Written by: Matt Molgaard
Directed by: Paul Lynch
Cast: Jamie Lee Curtis, Leslie Nielsen, Michael Tough, Mary Beth Rubens
Prom Night isn’t a great movie. It sorely neglects the participation of Jamie Lee Curtis (seriously, she just blends right into an assortment of young attractive cast members), the killer is awfully predictable, it’s extremely cliche and there isn’t a lick of quality gore in the entire film. The acting in general is sub-par, and story is loaded with hokey dialogue and loose ends. It’s just a dreadful film, all around.
So why do wierdos like myself enjoy it? Because it takes us back to a different time, when horror didn’t necessarily have to be overtly complex. When a little T&A, a shiny blade and a mask of just about any sort entertained. When Jamie Lee Curtis still ruled the horror roost. It’s called nostalgia, and sometimes it blurs the lines reality has illuminated.
While the lines are quite clear for me, I have no qualms in admitting I’m a fan of the film. It’s still good for a night alone with a cold 12-pack. It’s still a blast watching Jamie at the height of her genre buzz, during her peak output years. Leslie Nielson is in the movie, for goodness sakes! There are more than enough unintentionally humorous scenes to get me through it all. Prom Night is, in short, a true guilty pleasure.
The story opens with a shot of a handful of children playing hide and seek in an abandoned building. Things go south when a new player welcomes herself into the game. She’s teased and badgered until she falls out of a second story window, directly to her death. Fast forward a handful of years and the kids involved in the “accident” are gearing up for senior prom. As are Kim and Alex (Curtis and Michael Tough, respectively), who just so happen to be the siblings of Robin, the girl who was killed in the films opening frames. As soon as the prom gets underway, those involved with Robin’s death begin dropping like flies. Someone in a ski mask is slaughtering them mercilessly.
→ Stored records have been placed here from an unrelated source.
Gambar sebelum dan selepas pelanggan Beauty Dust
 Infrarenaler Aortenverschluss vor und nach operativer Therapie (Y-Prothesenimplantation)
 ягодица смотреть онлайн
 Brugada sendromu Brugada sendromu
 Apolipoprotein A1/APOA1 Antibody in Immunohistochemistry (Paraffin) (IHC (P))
Yeah… I’d say that qualifies as formulaic. There’s no true mystery here, and the attempts at creating red herrings are little more than cringe worthy misfires. No one believes the creepy custodian at the high school is the killer. Sorry. Not buying it. No, viewers just use their common sense and reach an immediate conclusion: Either Mr. Hammond, or Alex is responsible for the murders. This is clearly a case of murderous vengeance, and there are only so many plausible suspects to finger. It’s too bad director Paul Lynch didn’t choose to go with one of those red herrings, it would have ultimately proven more shocking.
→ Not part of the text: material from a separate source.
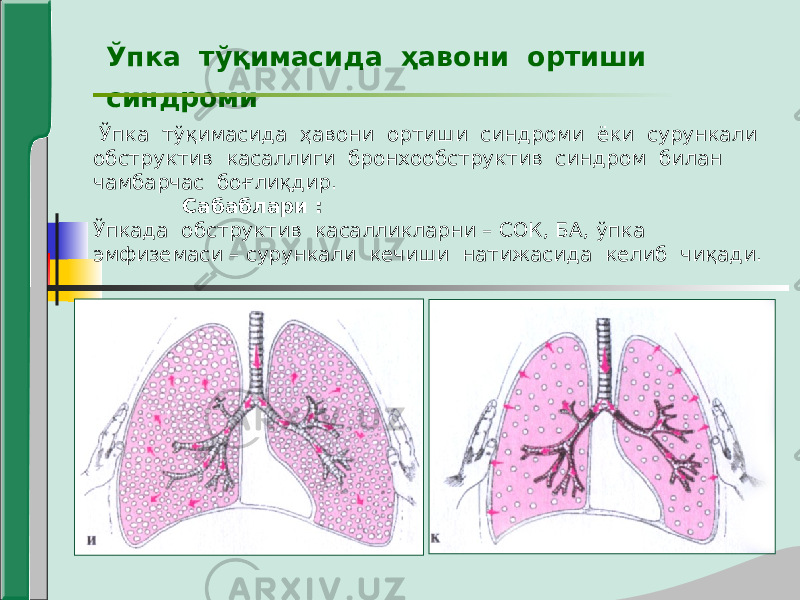 Ўпка тўқимасида ҳавони ортиши синдроми Ўпка тўқимасида ҳавони ортиши синдроми ёки сурункали обструктив касаллиги бронхообструктив синдром билан чамбарчас боғлиқдир. Сабаблари : Ўпкада обструктив касалликларни – СОК, БА, ўпка эмфиземаси – сурункали кечиши натижасида келиб чиқади. 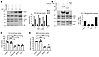 TSP-1 modulates complement at the C3 and C5 level of the complement cascade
If you’ve never seen the original Prom Night (I recommend you never see the remake, as it’s a disaster and a half), you’re probably not missing a heart stealer. Again, this is the kind of flick that really appeals to the “older” fan who has some form of attachment to it. By today’s standards it’s a flat, basic picture. By all standards, it’s pretty underwhelming. That said, if you have seen it, and it does hold a special place in your heart, cheers. I’m with you.